To be anti-Zionist but not anti-Semitic is to accept the existence of the Jews as long as we are dependent on non-Jews for our very lives. By opposing Jewish self-determination, anti-Zionists demand that Jews return to a diaspora condition in which we are minorities everywhere and are entirely subject to the whims of our temporary hosts. Jewish life before the state of Israel, in much of the world, was characterized by humiliation, subjugation, and massacres whenever such atrocities were in the interests of our host communities, and there is no reason to believe that the same situation would not arise again if we were to return to the pre-Israel global dynamic. Essentially, anti-Zionists who denounce anti-Semitism imply that Jews may live as long as non-Jews permit us to live, but no longer.

To be anti-Zionist but not anti-Semitic is to accept the existence of the Jews as long as we cannot mobilize politically. It is to say that we can participate as individuals in political systems built by and for non-Jewish populations, but we may not build our own political institutions or represent ourselves. We may vote in French elections, for example, but we may not establish a state in which we are the majority so that our communal needs are consistently met; in France, Jews have legal equality but not basic security. Anti-Zionism thus forever constrains our religion, culture, peoplehood, and safety to the limits that non-Jews set for us.

To be anti-Zionist but not anti-Semitic is to accept the existence of the Jews as long as we know our place. The millennia of Jew-hatred and oppression in Europe have left a deeply engrained conception of Jews as beneath non-Jews, as somehow backward and doomed to exist among and between other, more powerful peoples. Zionism is revolutionary in that it asserts a Jewish claim to equality – Jews will no longer accept an eternally degrading status, but rather will demand to function as a group with the same rights as all others, including representation on the international stage and the ability to choose our own leaders. All revolutions are met with conservative backlash, and in the case of Zionism that opposition includes Jews who are content with a diaspora existence, but that backlash does not make the Jewish claim to equality any less legitimate.
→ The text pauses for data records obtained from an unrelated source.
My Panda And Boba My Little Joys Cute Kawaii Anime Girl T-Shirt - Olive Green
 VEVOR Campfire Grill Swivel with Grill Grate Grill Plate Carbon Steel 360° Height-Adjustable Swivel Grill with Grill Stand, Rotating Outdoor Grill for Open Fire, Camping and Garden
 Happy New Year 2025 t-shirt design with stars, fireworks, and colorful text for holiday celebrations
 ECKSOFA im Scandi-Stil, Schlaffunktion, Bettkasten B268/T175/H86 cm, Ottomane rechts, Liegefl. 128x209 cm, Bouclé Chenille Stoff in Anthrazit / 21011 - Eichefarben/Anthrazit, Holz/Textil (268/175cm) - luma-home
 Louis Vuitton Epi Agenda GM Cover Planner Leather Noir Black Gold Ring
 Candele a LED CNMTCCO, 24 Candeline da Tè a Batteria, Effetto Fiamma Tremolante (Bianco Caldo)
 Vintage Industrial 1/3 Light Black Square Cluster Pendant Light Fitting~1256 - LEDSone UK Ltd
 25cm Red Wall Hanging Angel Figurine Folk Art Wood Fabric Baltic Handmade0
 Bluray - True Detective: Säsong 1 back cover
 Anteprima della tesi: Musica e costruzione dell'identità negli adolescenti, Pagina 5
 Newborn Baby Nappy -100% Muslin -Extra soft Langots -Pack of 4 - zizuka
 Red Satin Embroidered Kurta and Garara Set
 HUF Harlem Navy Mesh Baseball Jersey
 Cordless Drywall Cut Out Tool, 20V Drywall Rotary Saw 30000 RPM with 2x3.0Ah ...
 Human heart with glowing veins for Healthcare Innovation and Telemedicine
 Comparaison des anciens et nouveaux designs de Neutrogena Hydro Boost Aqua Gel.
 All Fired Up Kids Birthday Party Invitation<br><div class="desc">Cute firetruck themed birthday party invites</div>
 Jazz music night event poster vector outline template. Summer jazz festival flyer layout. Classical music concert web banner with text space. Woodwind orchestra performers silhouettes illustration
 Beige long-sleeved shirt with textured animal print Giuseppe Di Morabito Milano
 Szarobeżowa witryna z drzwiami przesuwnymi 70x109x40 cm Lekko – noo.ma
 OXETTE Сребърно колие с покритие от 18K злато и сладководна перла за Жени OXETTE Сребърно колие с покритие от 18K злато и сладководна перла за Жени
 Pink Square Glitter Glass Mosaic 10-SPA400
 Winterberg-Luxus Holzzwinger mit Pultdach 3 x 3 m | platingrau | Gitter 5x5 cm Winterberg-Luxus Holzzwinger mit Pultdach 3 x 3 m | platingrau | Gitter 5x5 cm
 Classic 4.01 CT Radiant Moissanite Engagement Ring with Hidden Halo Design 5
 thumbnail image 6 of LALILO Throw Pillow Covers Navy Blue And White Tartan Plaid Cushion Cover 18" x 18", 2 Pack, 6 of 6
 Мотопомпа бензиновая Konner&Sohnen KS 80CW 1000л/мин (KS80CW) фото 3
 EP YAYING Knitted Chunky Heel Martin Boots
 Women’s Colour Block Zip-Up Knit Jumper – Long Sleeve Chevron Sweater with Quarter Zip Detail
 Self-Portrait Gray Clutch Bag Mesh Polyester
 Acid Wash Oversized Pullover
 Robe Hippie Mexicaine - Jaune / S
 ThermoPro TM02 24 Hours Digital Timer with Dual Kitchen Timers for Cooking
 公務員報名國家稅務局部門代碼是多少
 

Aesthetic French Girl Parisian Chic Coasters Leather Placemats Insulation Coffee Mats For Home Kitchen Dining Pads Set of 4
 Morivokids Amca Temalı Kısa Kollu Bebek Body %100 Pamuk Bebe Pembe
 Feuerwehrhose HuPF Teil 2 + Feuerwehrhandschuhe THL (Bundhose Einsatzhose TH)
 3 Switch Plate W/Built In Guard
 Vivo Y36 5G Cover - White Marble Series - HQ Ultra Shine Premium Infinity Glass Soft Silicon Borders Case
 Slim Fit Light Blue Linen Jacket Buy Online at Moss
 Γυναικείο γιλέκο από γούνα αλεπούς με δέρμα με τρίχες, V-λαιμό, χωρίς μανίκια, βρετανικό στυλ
To be anti-Zionist but not anti-Semitic is to accept the existence of the Jews as long as we fit into the boxes that others have prescribed for us. Jewish identities have long been diverse, some based in religious doctrine and others based in other social, legal, ethical, cultural, or historical codes. Judaism was labeled a “religion” by a Church-dominated Europe. Anti-Zionism tends to enforce the Christian European notion of Jews as constituting solely a religious group in competition with the Church, or the anti-Jewish Enlightenment notion of Jews as constituting solely a religious group in competition with rationality and secularism. It denies Jews the right to decide for ourselves how we identify – more often than not, among other things, as part of a nation.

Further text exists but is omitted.